Surely this depends on the reason(s) for the analysis being like that.
It does.
If it is done deceptively and not transparently for the purpose of arriving at the conclusion ff interests want then it is despicable or worse.
What if the errors have been pointed out but the analysts keep their positions? Can they claim not to be deceptive? I guess they could claim it, and it would be true, but it will be very hard to believe or forgive.
If it is done transparently for reasons such as it is difficult to do better and these issues are drawn to the attention of the reader/policy maker and the report concludes that more action is justified even when some of the potential destruction and issues caused are ignored... then AFAICS that may be an appropriate way for the cost benefit analysis to go about it.
Transparently? So Donald Trump's war on science is a fantasy? It is my imagination that countries typically veto science documents? If official documents are not written a certain DISHONEST but "honest" way, they don't get written.
Sorry, but the current climate science and risk assessment underestimates the danger and overestimates the cost of prevention/adaptation.

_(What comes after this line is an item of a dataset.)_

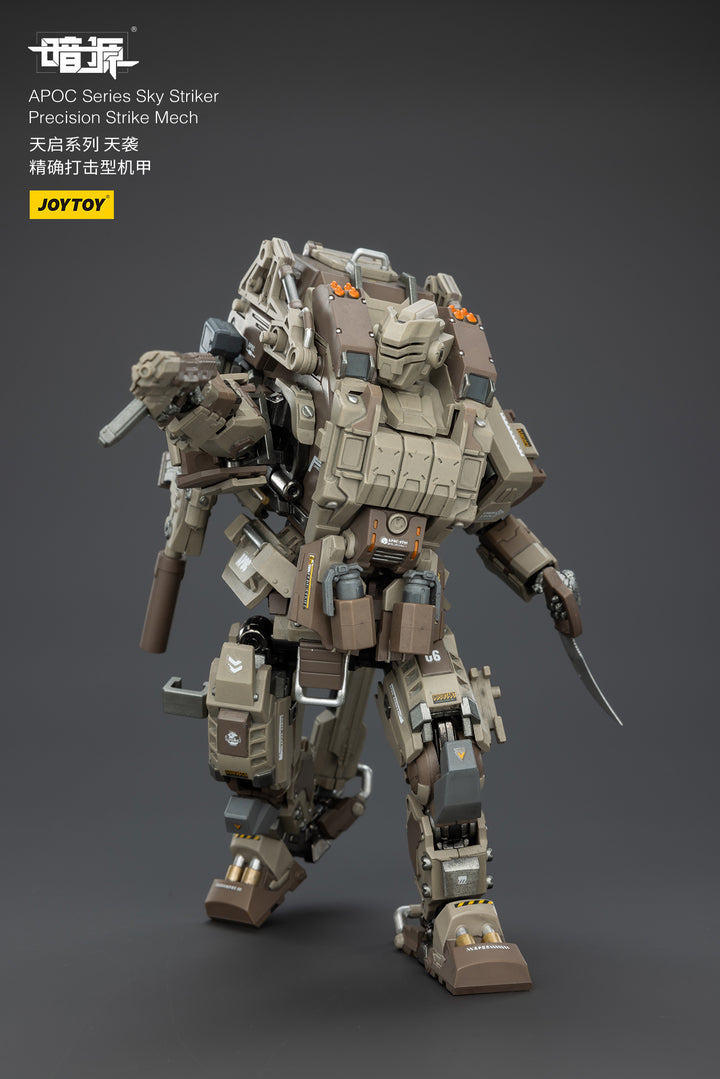 APOC スカイ・ストライカー 精密打撃型戦闘メカ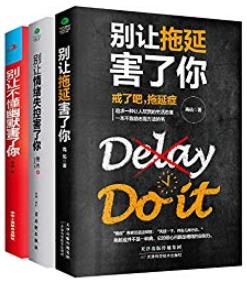 《轻松掌控情绪》/别让拖延+情绪失控+不懂幽默害了你/epub+mobi+azw3插图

Remember that thread where we examined the IPCC claims for no hysteresis in the Arctic?
I wouldn't be surprised to find old reports overestimating costs of renewables
Old reports? I don't know about the IPCC, but the IEA certainly overestimates all sorts of assumptions about renewables and EV. More often than not I hear of municipalities completing renewables before than expected. Their expectations no doubt based on what they believed to be the best science.
Again you have to consider the reason: Is the overestimate of cost a reasonable attempt that has been proven accidentally wrong by subsequent events (an honest attempt would be expected to have lots of errors in both directions) or is it deliberate or recklessly careless or....?
The IEA consistently fails in the same direction. I would be surprised if the same thing doesn't happen in the IPCC.
An environmentalist looking at such a cost benefit report and deciding it doesn't adequately make the urgent case for much more action and very soon risks being a confirmation bias conclusion
I'm not an environmentalist but I know of my bias towards catastrophic thinking. Sadly, what I learn every day reinforces that thinking. I was pleasantly surprised by my lastest BOE estimate of 2032 as it gives me more time. At the same time, I'm horrified that people are trying to solve climate change for 2050.
What is your bias? What bias might an IPCC scientist face? I know for sure they face lying governments begging for pleasant answers. But did they disclose that bias? Of course not.
At least they lowered the safe limit to 1.5 C instead of 2 C.